Title: On the Fence
Author: Kasie West
Source: Gift from Christmas
Check this book out on Goodreads.
For sixteen-year-old Charlotte Reynolds, aka Charlie, being raised by a single dad and three older brothers has its perks. She can outrun, outscore, and outwit every boy she knows—including her longtime neighbor and honorary fourth brother, Braden. But when it comes to being a girl, Charlie doesn’t know the first thing about anything. So when she starts working at chichi boutique to pay off a speeding ticket, she finds herself in a strange new world of makeup, lacy skirts, and BeDazzlers. Even stranger, she’s spending time with a boy who has never seen her tear it up in a pickup game.
To cope with the stress of faking her way through this new reality, Charlie seeks late-night refuge in her backyard, talking out her problems with Braden by the fence that separates them. But their Fence Chats can’t solve Charlie’s biggest problem: she’s falling for Braden. Hard. She knows what it means to go for the win, but if spilling her secret means losing him for good, the stakes just got too high. (Source: Goodreads)
Charlie’s always done everything with her 3 brothers, father, and her honorary brother, Braden. So when she gets stuck working at a clothing store to pay off her speeding tickets she’s a little out of her element. She feels far from at home and less than her self at work so the two worlds become separate. She starts telling lies to her boss, keeping her love of sports from her new friends and boyfriend, and hides her new clothes and make-up from her family. All the while she tries to cope with recurring nightmares, the pressure of lying, and the fact that she doesn’t know where she stands with Braden as they chat across the fence each night about things they’d never discuss during the day.
I loved this book.
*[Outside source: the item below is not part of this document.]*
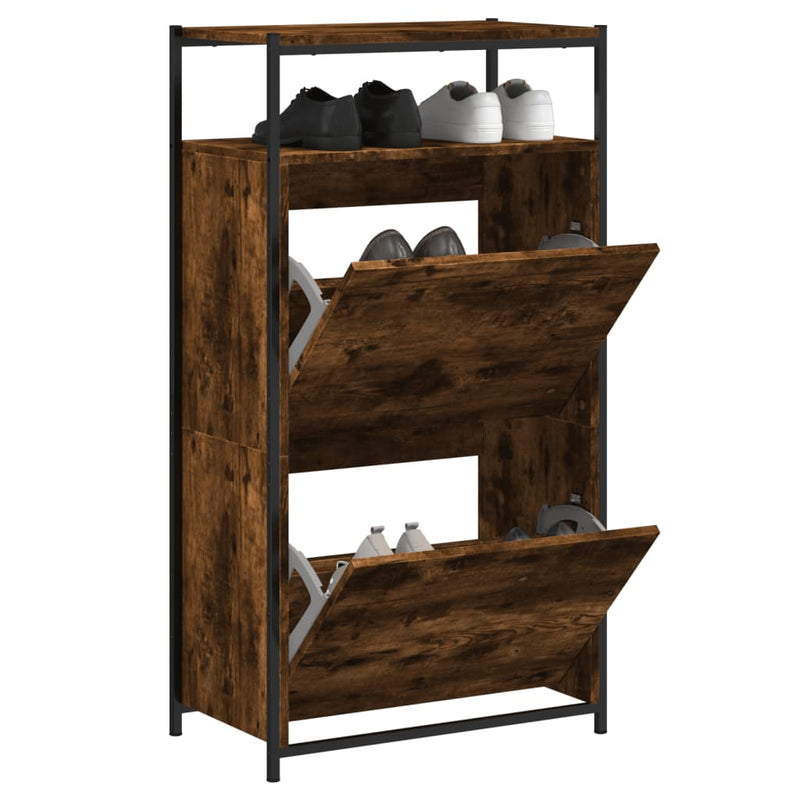 Load image into Gallery viewer, Vidaxl schoenenkast 60x34x112 cm bewerkt hout gerookt eikenkleurig
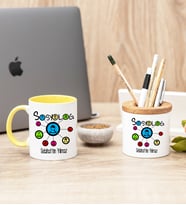 Sosyolog Sarı Kupa Bardak Ve Kalemlik Hediye Seti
I adored West’s previous book The Distance Between Us but this is even better! The plot in this book was so cute! As were the characters. But even more than that, West was able to capture some really dark, serious content right alongside the cute stuff. She tackles plots about mental health, abusive families, and just general ethics. In my head while reading I compared this book to Paper or Plastic a lot, and this book definitely took on the serious subjects with a lot more emotional depth. It was definitely a step up for West who hadn’t captured these emotions as well in The Distance Between Us.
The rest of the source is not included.